■ HOW TO COMPLETE THIS TASK: Leaving out the images, transcribe every record below exactly.
══ SOURCE DATA
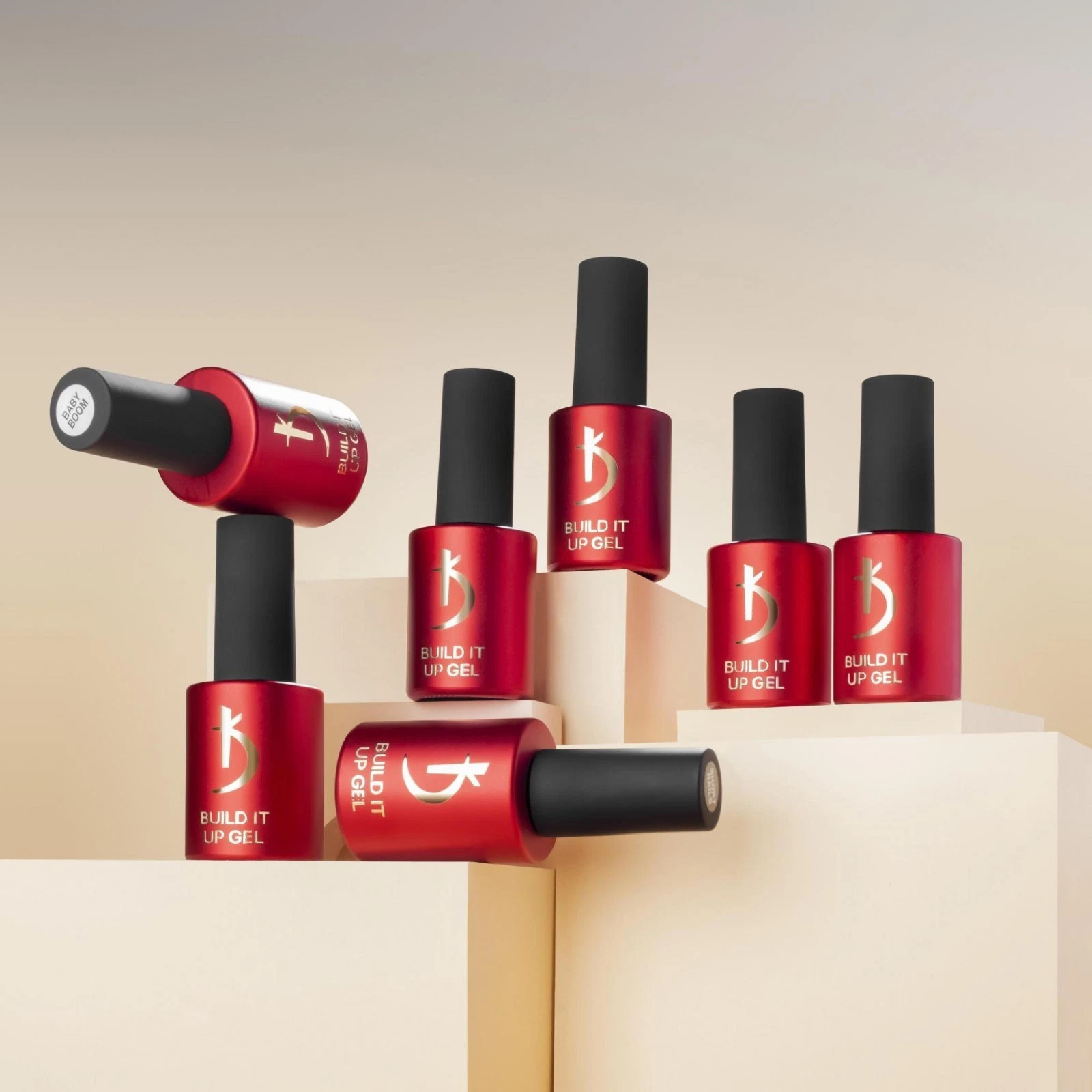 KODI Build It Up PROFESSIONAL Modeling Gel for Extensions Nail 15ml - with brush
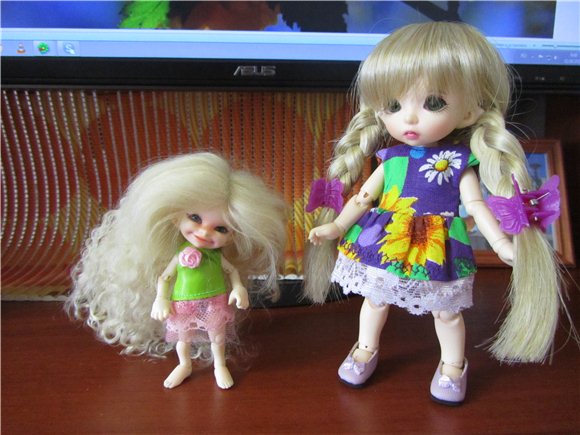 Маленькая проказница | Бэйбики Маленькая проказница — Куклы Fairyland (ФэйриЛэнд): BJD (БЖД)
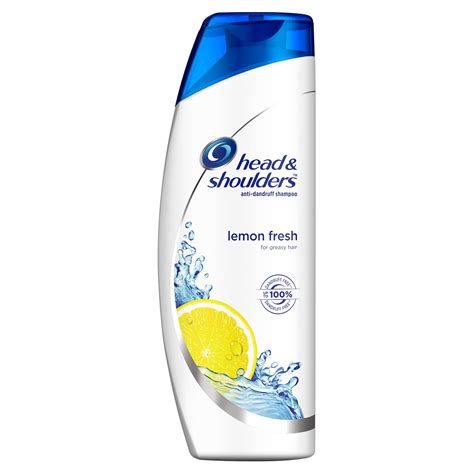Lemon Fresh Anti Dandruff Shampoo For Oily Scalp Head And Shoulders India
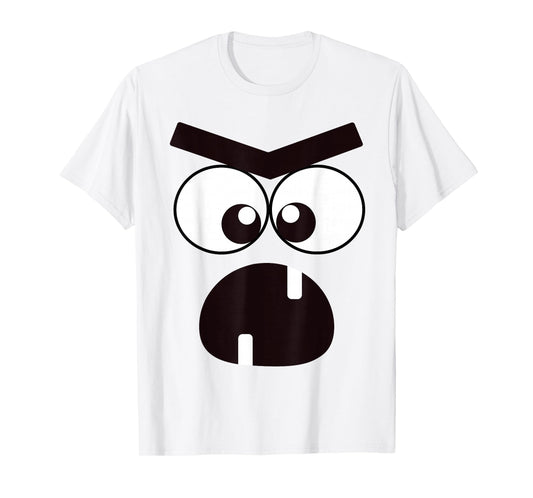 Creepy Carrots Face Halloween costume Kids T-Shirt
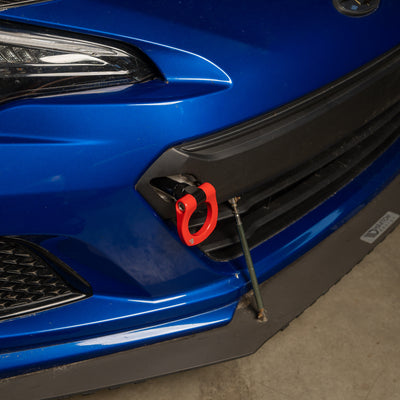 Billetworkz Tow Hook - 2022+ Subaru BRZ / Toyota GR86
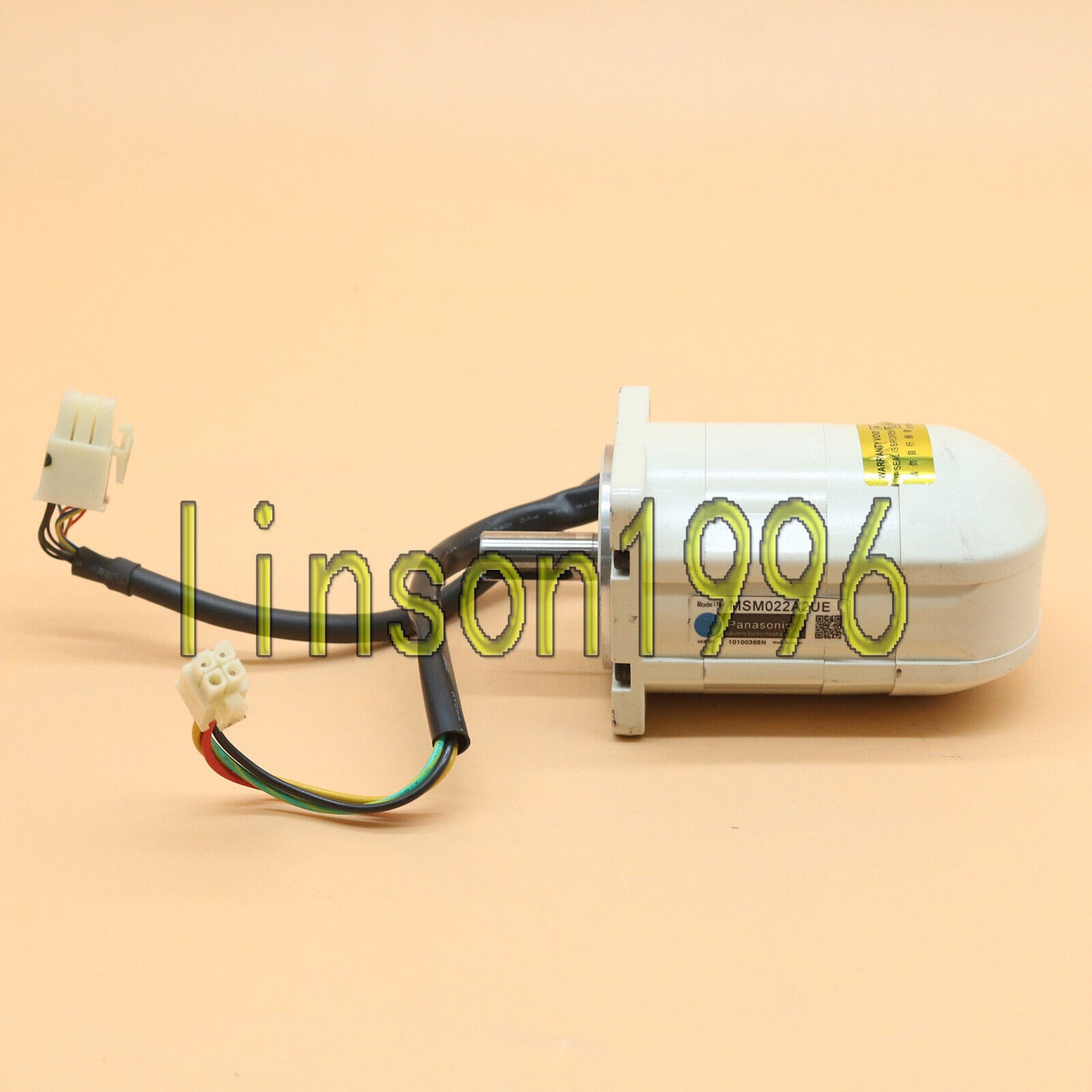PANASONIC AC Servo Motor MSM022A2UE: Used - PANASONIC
════
■ EXPECTED ANSWER:
 KODI Build It Up PROFESSIONAL Modeling Gel for Extensions Nail 15ml - with brush
 Маленькая проказница | Бэйбики Маленькая проказница — Куклы Fairyland (ФэйриЛэнд): BJD (БЖД)
Lemon Fresh Anti Dandruff Shampoo For Oily Scalp Head And Shoulders India
 Creepy Carrots Face Halloween costume Kids T-Shirt
 Billetworkz Tow Hook - 2022+ Subaru BRZ / Toyota GR86
PANASONIC AC Servo Motor MSM022A2UE: Used - PANASONIC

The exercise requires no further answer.